= YOUR OBJECTIVE =
Beneath this line are entries. Copy the range from the line with "Feci Kazada Atın" to the line with "新鲜鱿鱼2500g/份", ends included, exactly; leave pictures out.
RAW DATA START
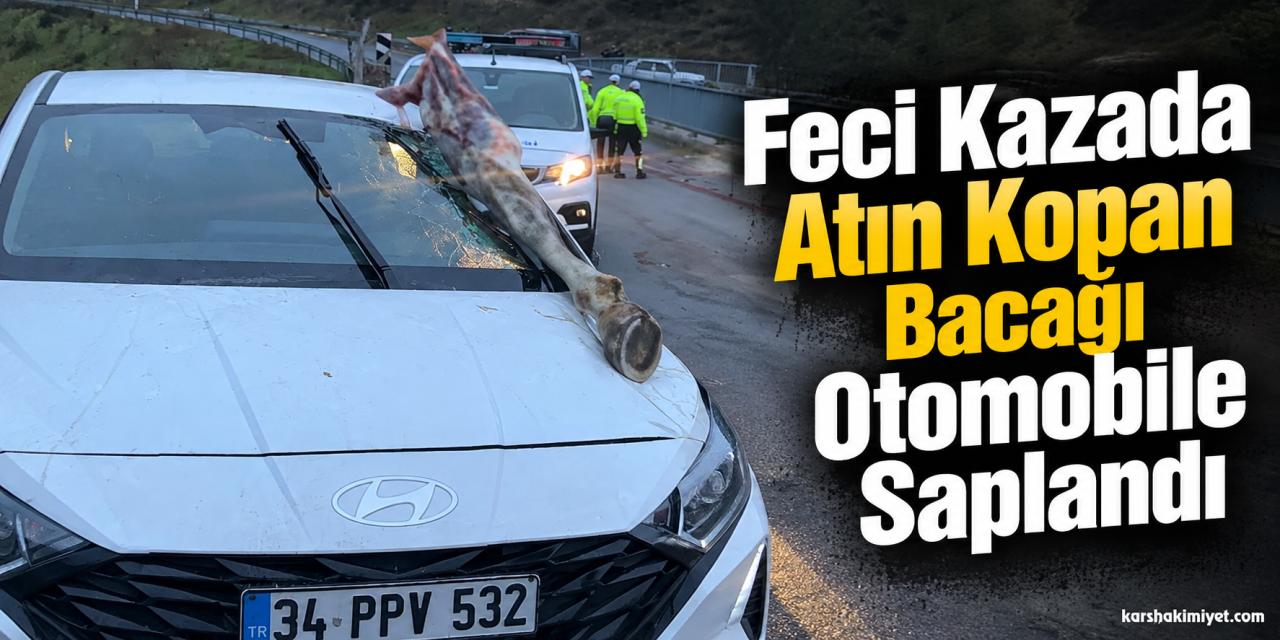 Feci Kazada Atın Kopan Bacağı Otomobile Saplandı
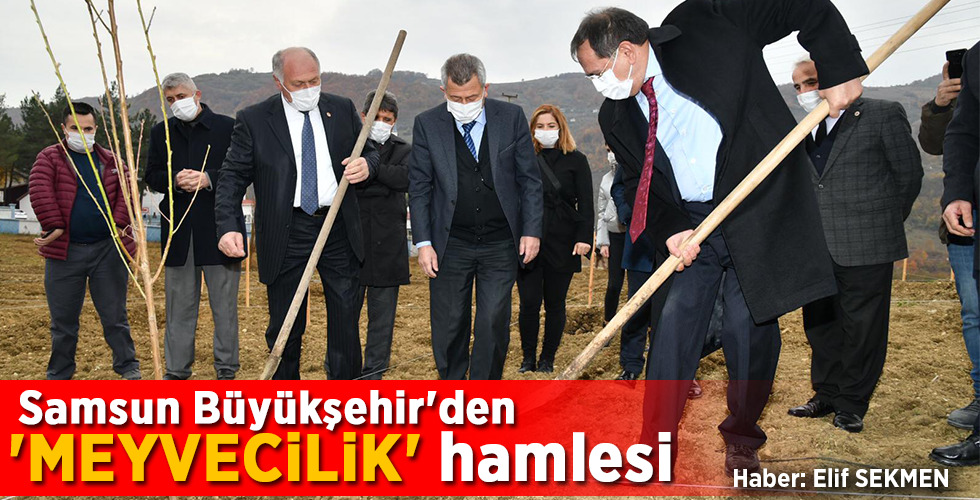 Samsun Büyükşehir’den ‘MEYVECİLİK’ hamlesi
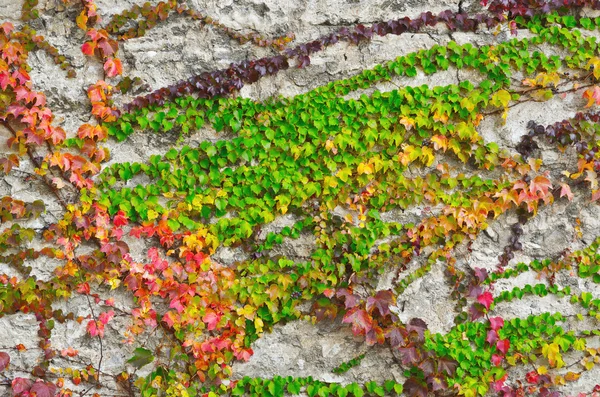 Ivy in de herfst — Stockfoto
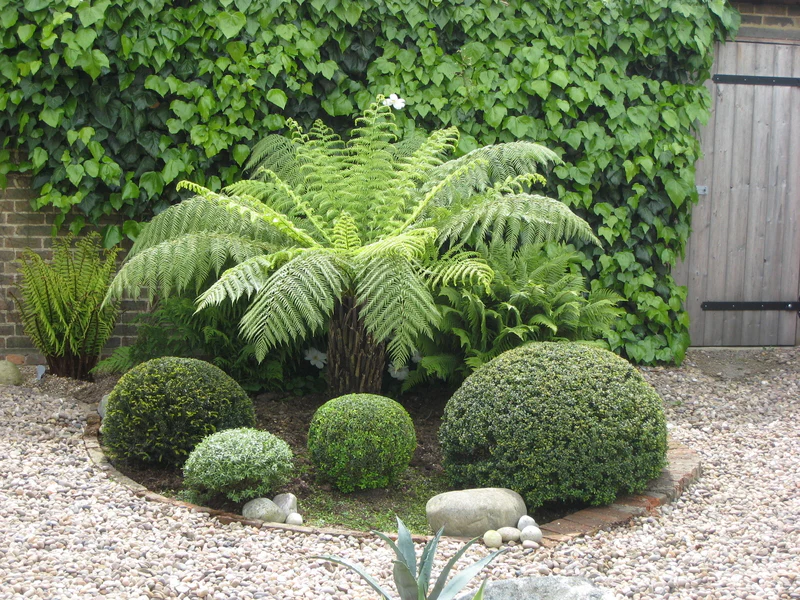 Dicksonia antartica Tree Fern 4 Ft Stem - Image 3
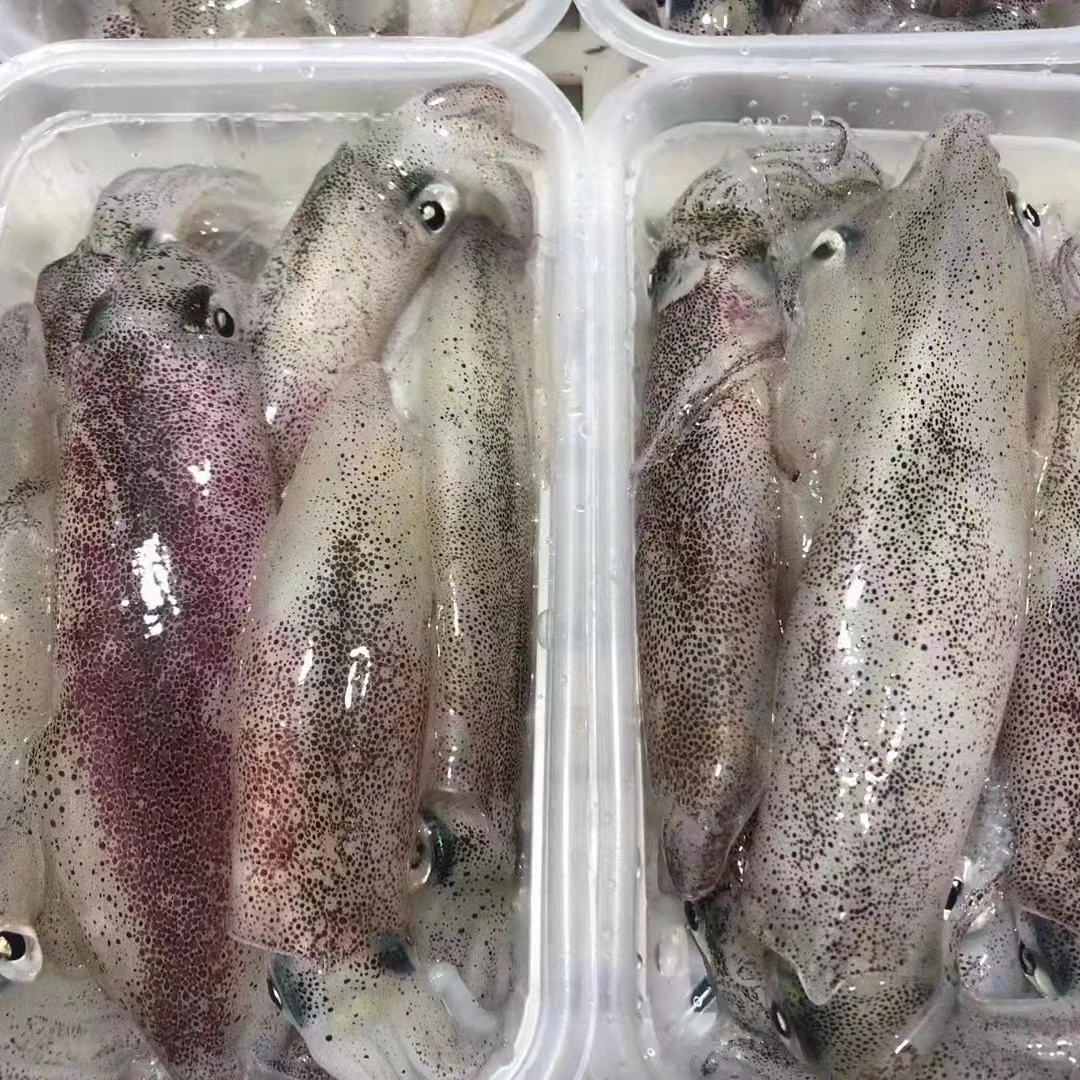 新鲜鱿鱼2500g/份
RAW DATA END
RAW DATA START
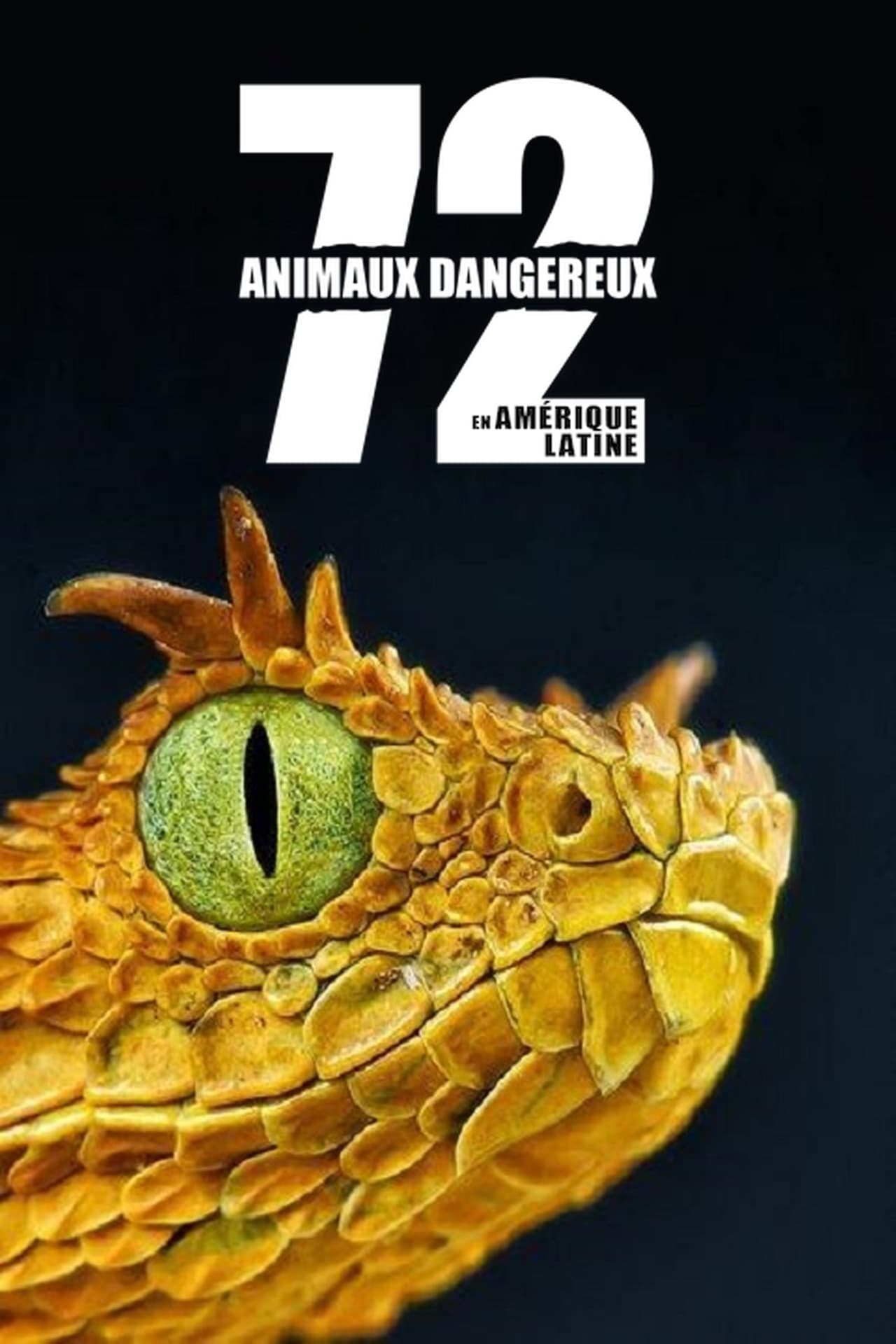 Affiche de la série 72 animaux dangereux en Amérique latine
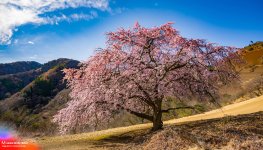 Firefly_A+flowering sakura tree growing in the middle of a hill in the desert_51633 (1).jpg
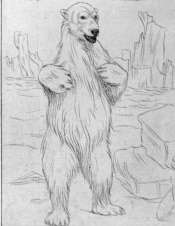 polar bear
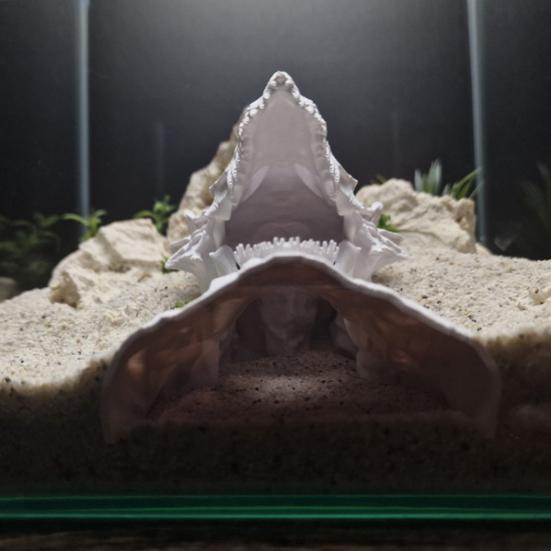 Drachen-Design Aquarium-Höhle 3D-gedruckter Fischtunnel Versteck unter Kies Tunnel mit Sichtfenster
RAW DATA END
= REPLY =
 Feci Kazada Atın Kopan Bacağı Otomobile Saplandı
 Samsun Büyükşehir’den ‘MEYVECİLİK’ hamlesi
 Ivy in de herfst — Stockfoto
 Dicksonia antartica Tree Fern 4 Ft Stem - Image 3
 新鲜鱿鱼2500g/份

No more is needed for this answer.